▶ WHAT TO DO: For this exercise, return all the data word for word, with images left out.

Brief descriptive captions
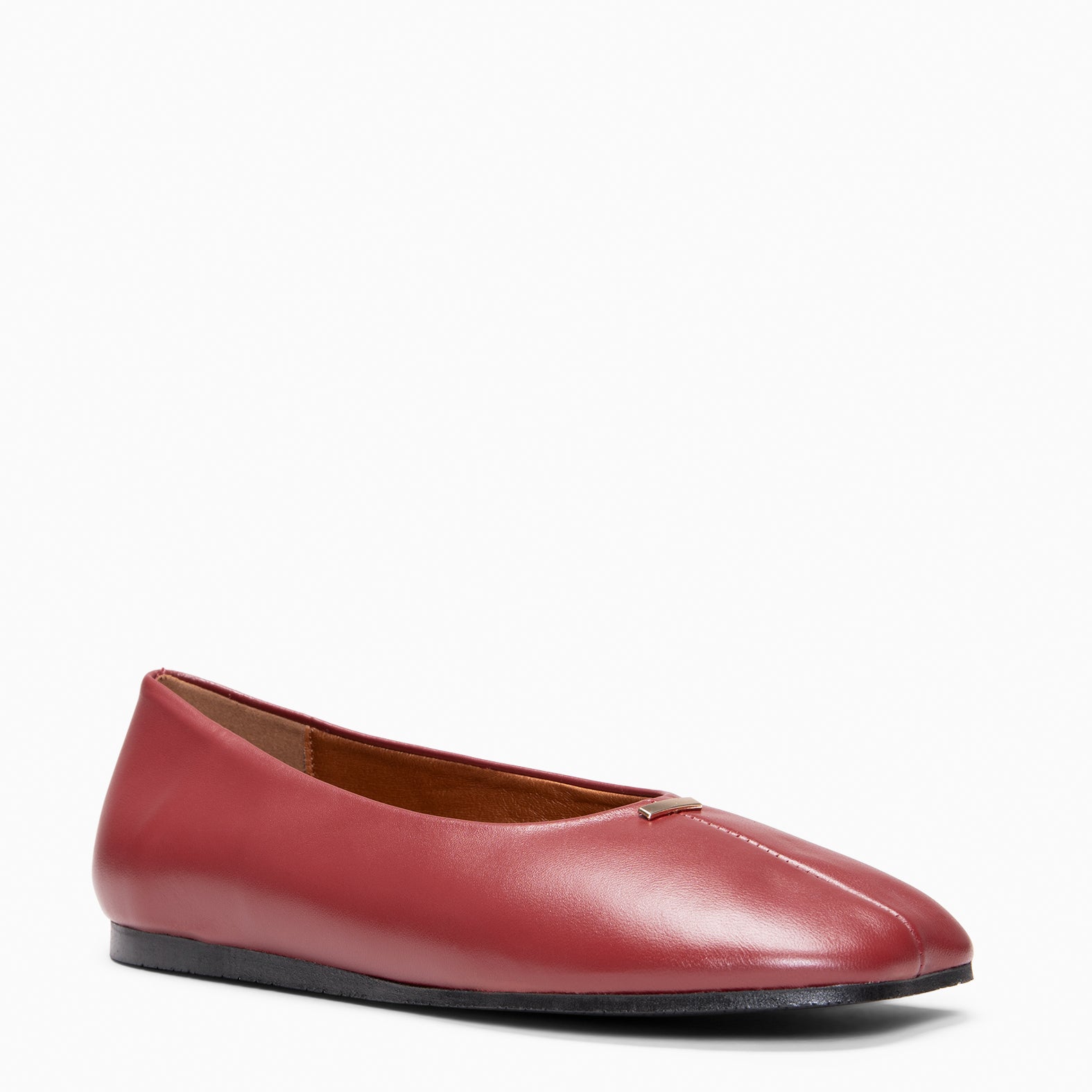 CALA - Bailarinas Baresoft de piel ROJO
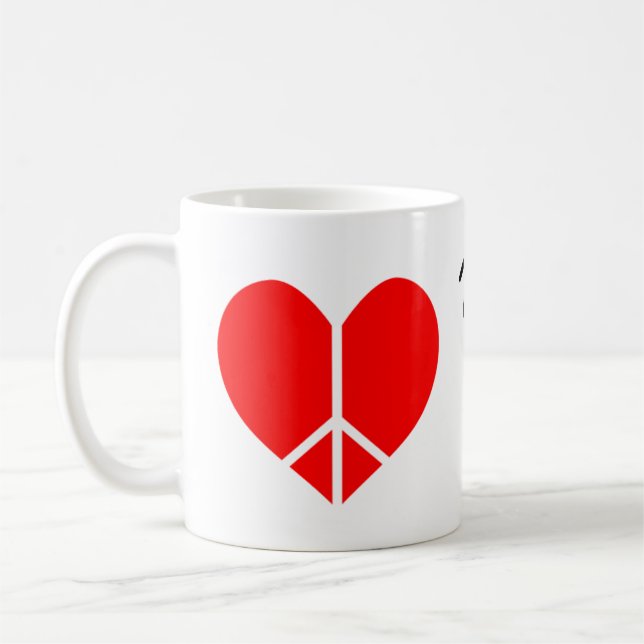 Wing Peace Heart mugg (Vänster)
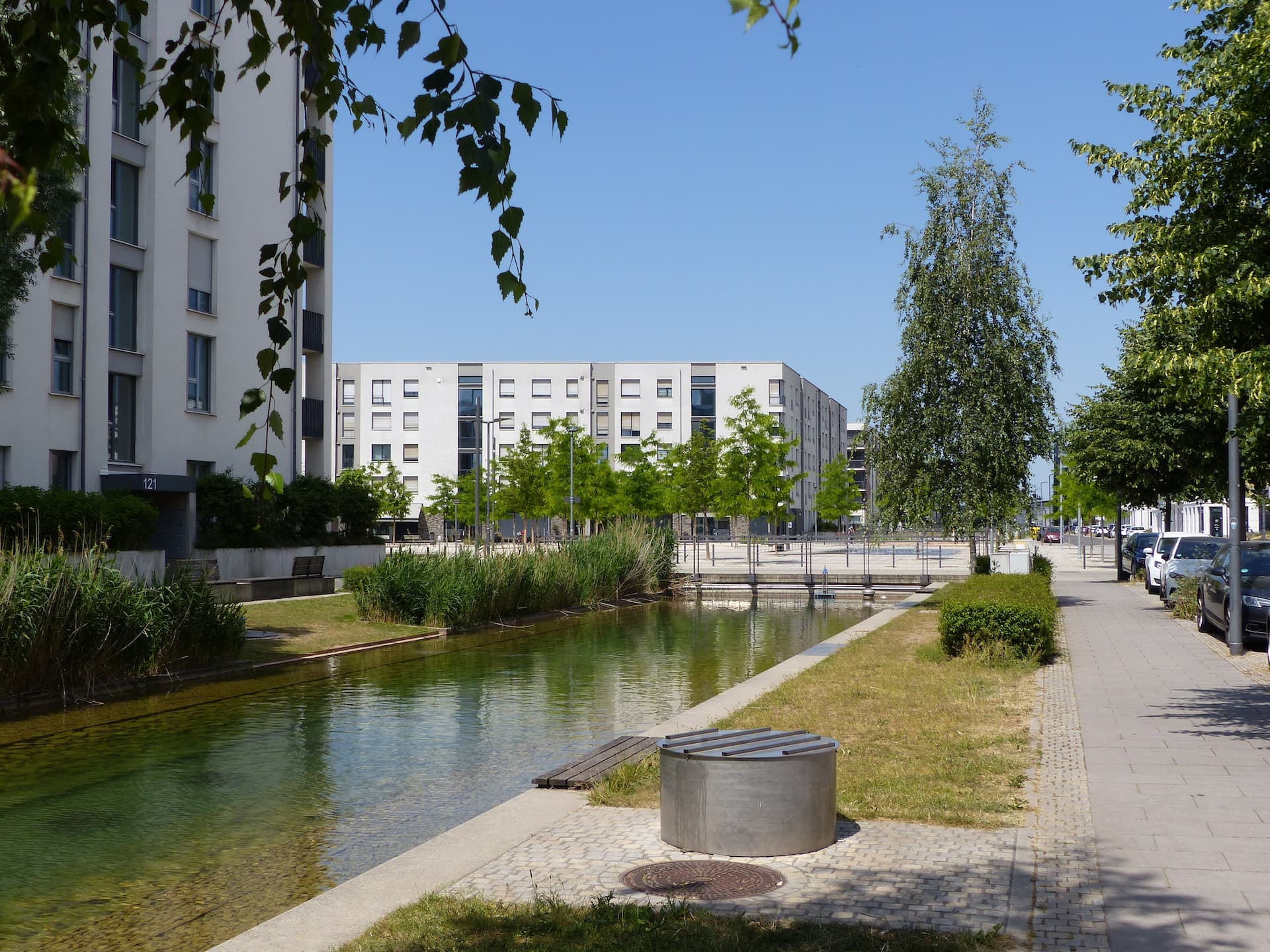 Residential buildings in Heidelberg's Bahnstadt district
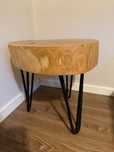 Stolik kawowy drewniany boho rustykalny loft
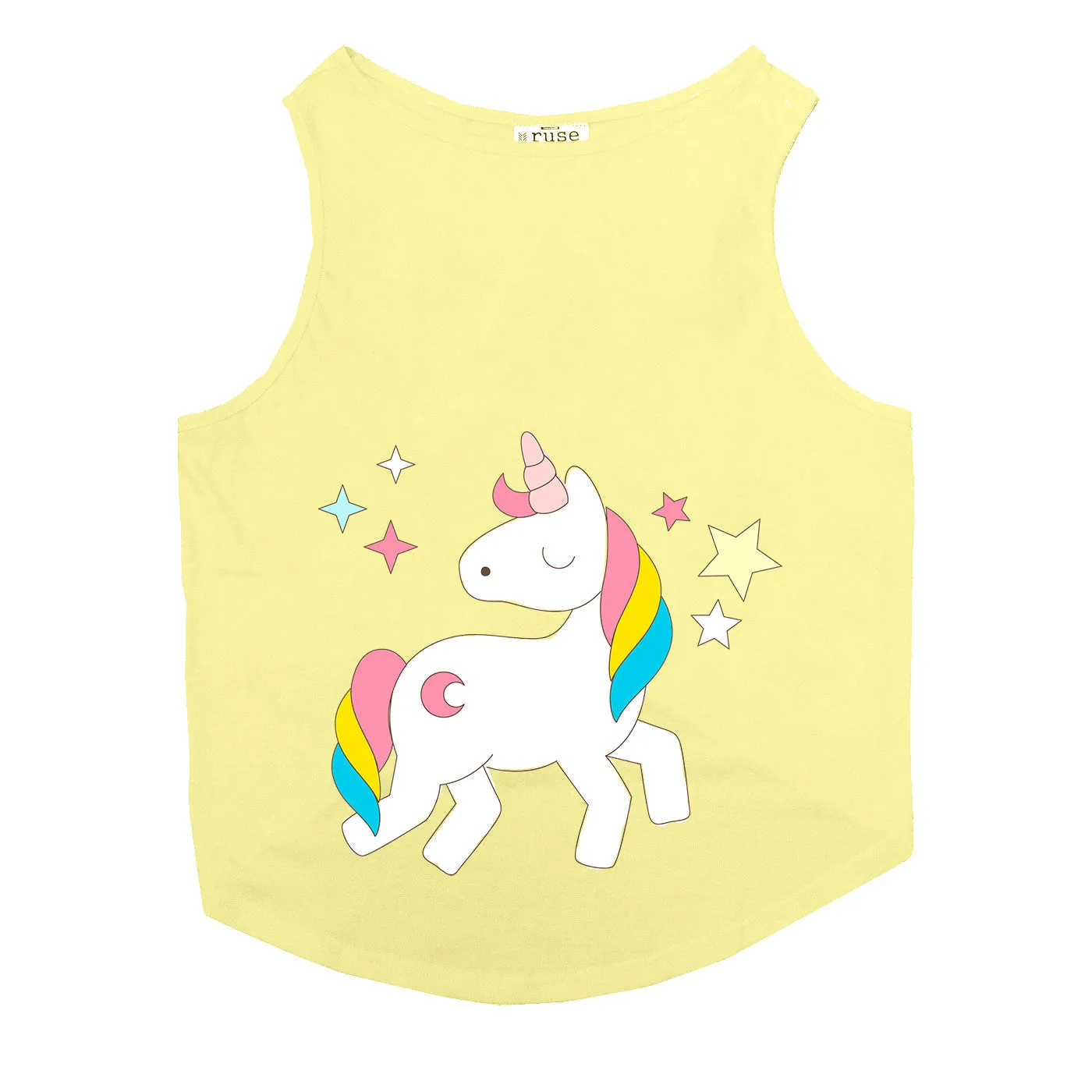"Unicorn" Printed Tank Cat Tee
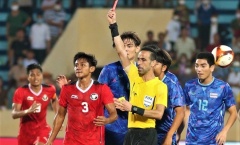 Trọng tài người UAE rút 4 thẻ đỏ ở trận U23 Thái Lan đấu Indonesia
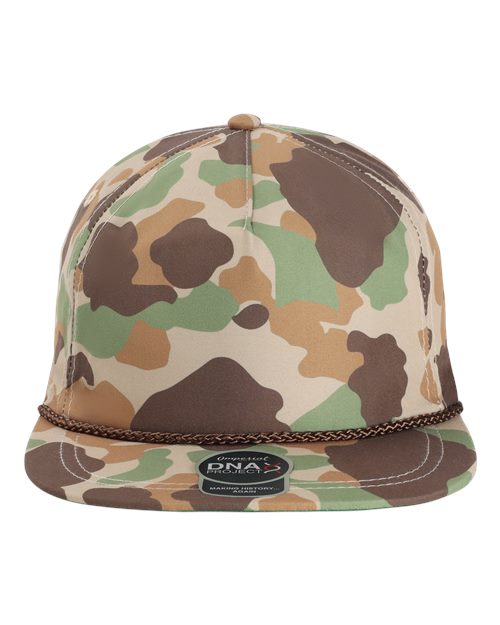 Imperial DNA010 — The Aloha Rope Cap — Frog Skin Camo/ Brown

▶ ANSWER TO THIS EXERCISE:
 CALA - Bailarinas Baresoft de piel ROJO
 Wing Peace Heart mugg (Vänster)
 Residential buildings in Heidelberg's Bahnstadt district
 Stolik kawowy drewniany boho rustykalny loft
"Unicorn" Printed Tank Cat Tee
 Trọng tài người UAE rút 4 thẻ đỏ ở trận U23 Thái Lan đấu Indonesia
 Imperial DNA010 — The Aloha Rope Cap — Frog Skin Camo/ Brown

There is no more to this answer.